Pik-Shuen Fung: Oceans (NY) 2:15
Scenes of women in my family playing mahjong are punctuated by clips of the ocean. Oceans is a meditation on life, death, and the things we do to pass the time between.

Jill Johnston: Don’t Be Afraid of Bears (NY) 3:25
Naturalist Barry Lopez defines “[f]ear of the beast as an irrational, violent, insatiable creature.” Reflection on childhood memories and illusions of a terrifying bear encounter led me to consider the notion of fear and reciprocity of species.

Mark Franz: Body Without Organs (Ohio) 2:34
“Body without organs” is an experimental animation that explores the mystical singularity of the body in terms of its separate functioning parts. Philosophers Gilles Deleuze and Félix Guattari use this term to refer to the “cosmic egg” of life.

Nancy Wyllie: Reenactments (Rhode Island) 2:30
Footage shot over a four year period in a variety of settings including Ford’s Theater, battle reenactments in Pawtuxet Village, RI in celebration of the 1772 sinking of the British schooner The Gaspee as well as dispatch exchanges during the Aurora Colorado Theater shootings and an actual student account of the Sandy Hook massacre provide the narrative lineage for this experimental short. The use of surveillance and the invasion of privacy are set against a security breach at Ford’s Theater in a face off with the Second Amendment. Gun violence in the United States has reached unprecedented levels. Gun control debates continue to divide the country and call into question the contributing historical, cultural and sociopolitical factors that have entered into the national conversation. As a Professor of Art & Digital Media at the largest community college in New England, my job now includes active shooter training. It is the voice of RI State Police Tactical Team Commander Derek Borek heard in the background of ‘Reenactments’ that makes this American crisis ever more chilling as he describes the strategies that faculty and staff members should employ in an effort to protect themselves and their students during critical moments while waiting for police to arrive.

Neil Needleman: Two Landscapes (NY) 3:00
The conflict between the landscape the eye sees and the one the mind remembers.
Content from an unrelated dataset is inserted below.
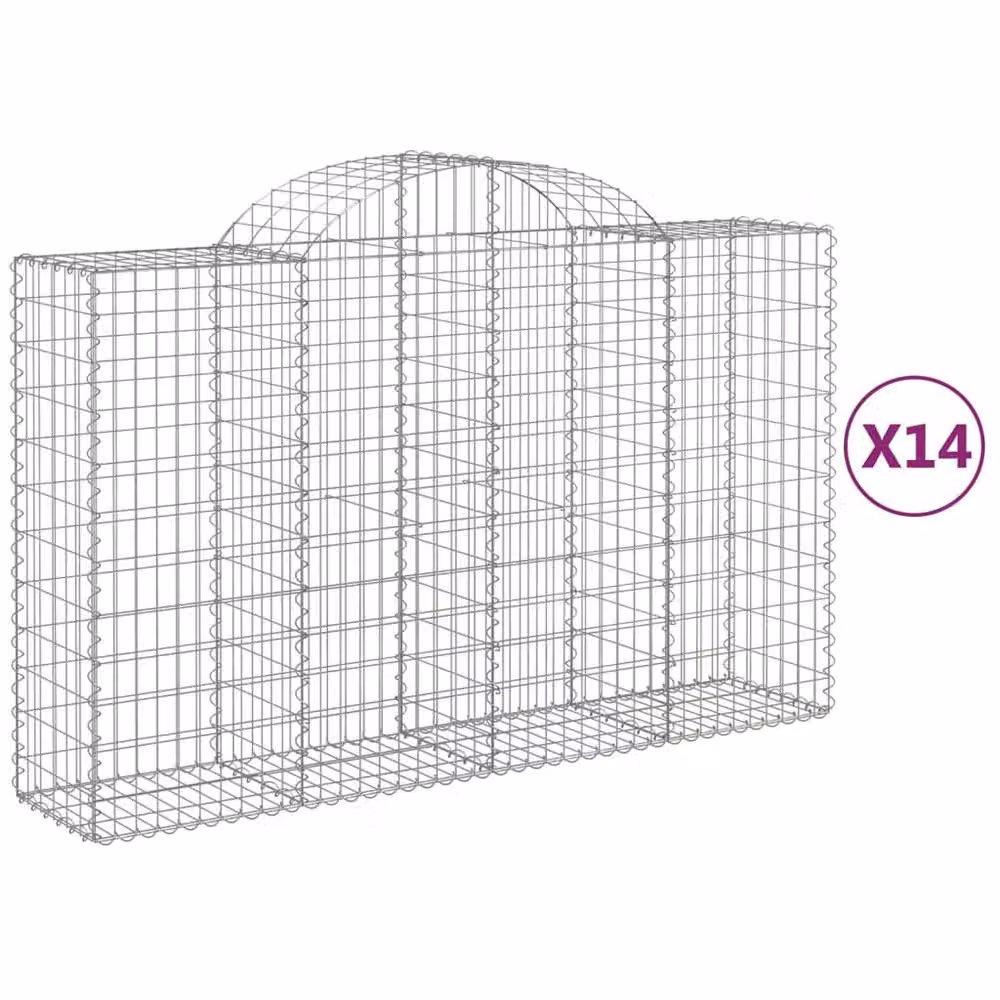 Berkfield Home Decorative Arched Gabion Baskets, 14 Piece Set, Galvanised Steel, Silver, W: 200 cm, D: 50 cm, H: 120-140 cm – 2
Dominique Duroseau: Baldwin’s Nigger and I Listen (Newark, NJ) 2:40
This video shows a woman of color (the artist) in blackface make-up, listening to James Baldwin as he talks about the word “Nigger”. It’s a charged and multi-layered piece that collapses many issues and references from different points in time; each time through, it ends with a revelation.

Greg Leshe: Flying In The Museum (NJ) 2:30
This is a private performance I made in the Newark Museum during my residency in 2004.